Depression is a liar. When I was diagnosed I wanted the truth

Laura Kennedy: The diagnostic test is, among other things, a shot in the dark

“Despite managing it over the years, I don’t fully understand depression.” Photograph: iStock
“Despite managing it over the years, I don’t fully understand depression.” Photograph: iStock

A diagnosis of depression at the age of 18 made me more interested in the truth, because that condition is a notorious liar. Depression is not as simple as a dopamine or serotonin deficiency. It is not the same as that infamous broken leg people like to wax lyrical about when trying to explain the validity of depression as a medical condition – “You wouldn’t tell him to walk on a broken leg!” people often say, to clarify that depression entails an incapacity to act rather than an unwillingness. At 18, after years of self-imposed isolation, and a sense of complete desolation and bafflement that stalked me through adolescence, I found myself on a floor; both metaphorical and quite real. My legs might as well have been broken. Besides, they didn’t feel like mine because they did not feel connected to me. I was adrift somewhere in the periphery of my own body. Suspended in a dark, viscous liquid. You don’t need legs when there’s nowhere to go, and you can’t stand up anyway.

How it works

Despite managing it over the years, I don’t fully understand depression, because it is more than just another physical illness. Here is how it works when a person is diagnosed with depression; a condition that is, from the outside, nothing more than an immaterial set of inscrutable behavioural characteristics.

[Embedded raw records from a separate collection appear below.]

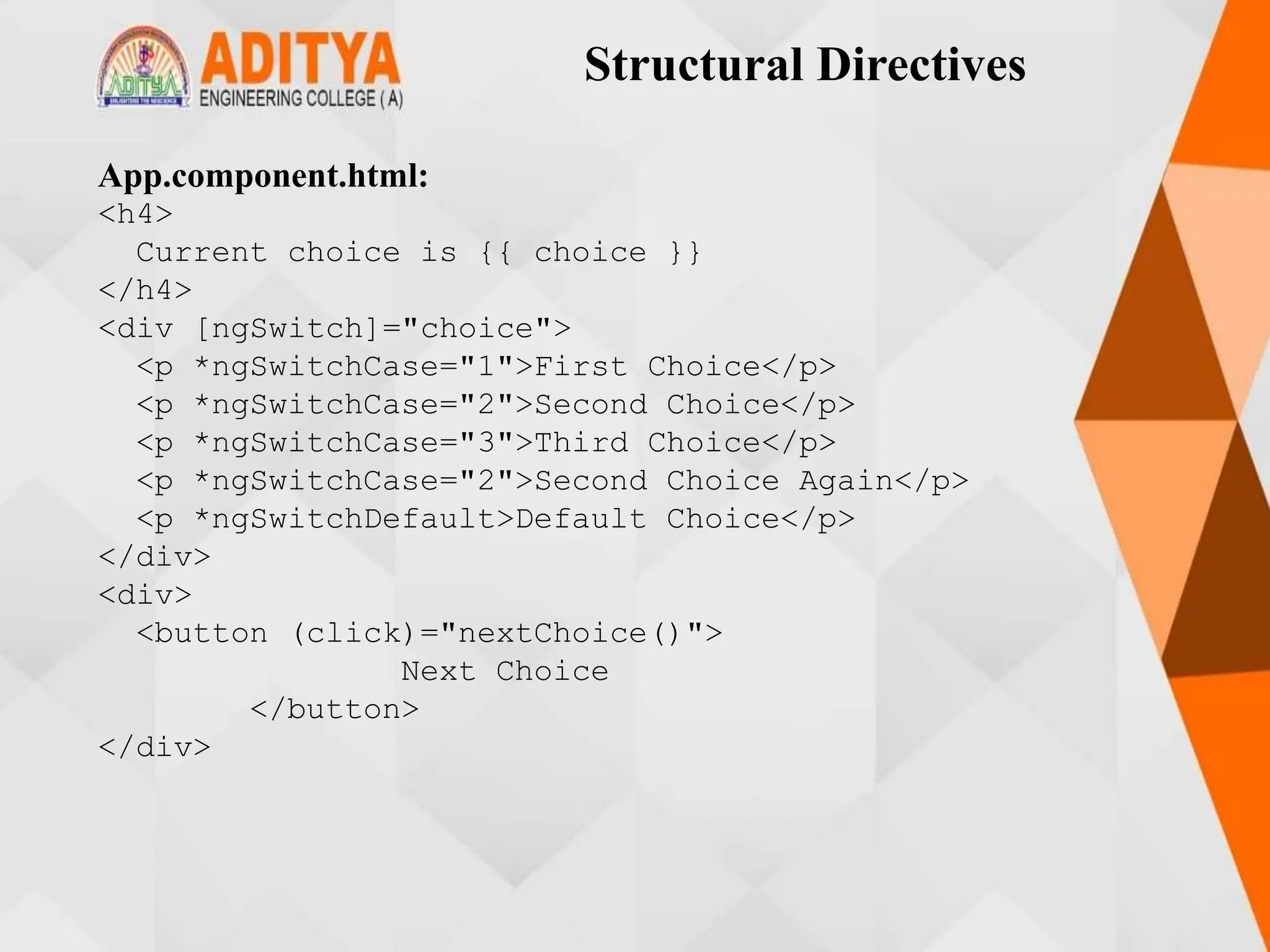 Structural Directives
App.component.html:
<h4>
Current choice is {{ choice }}
</h4>
<div [ngSwitch]="choice">
<p *ngSwitchCase="1">First Choice</p>
<p *ngSwitchCase="2">Second Choice</p>
<p *ngSwitchCase="3">Third Choice</p>
<p *ngSwitchCase="2">Second Choice Again</p>
<p *ngSwitchDefault>Default Choice</p>
</div>
<div>
<button (click)="nextChoice()">
Next Choice
</button>
</div>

You visit a psychiatrist. They will ask you questions. Based on your answers to those questions, they will determine whether you are clinically depressed. To do this, they will drag out (literally or figuratively) a copy of the fifth edition of the Diagnostic and Statistical Manual of Mental Disorders, and look at the nine listed indicators of depressive disorder. They are things such as “significant weight loss when not dieting or weight gain … or decrease or increase in appetite nearly every day”. And “diminished ability to think or concentrate, or indecisiveness, nearly every day (either by subjective account or as observed by others)”. In order for you to receive a diagnosis of depression, you must have five of the nine symptoms on the list. At least one of them must be either “depressed mood most of the day, nearly every day, as indicated by either subjective report (eg, feels sad, empty, hopeless) or observation made by others (eg, appears tearful). (Note: In children and adolescents, can be irritable mood.)” Or “markedly diminished interest or pleasure in all, or almost all, activities most of the day, nearly every day (as indicated by either subjective account or observation)”.

A label

Those who are unfamiliar with the process generally imagine something more scientific, something more comfortingly substantial and delineated; a litmus test, or a bright light blasted into the retina – anything that might be quantified. The diagnostic test for standard depression is nothing so comforting or clean. It is a visual assessment mostly of self-reported behaviour, and a shot in the dark. It is a label placed upon us, with which we might comfort or strangle ourselves at our own pace.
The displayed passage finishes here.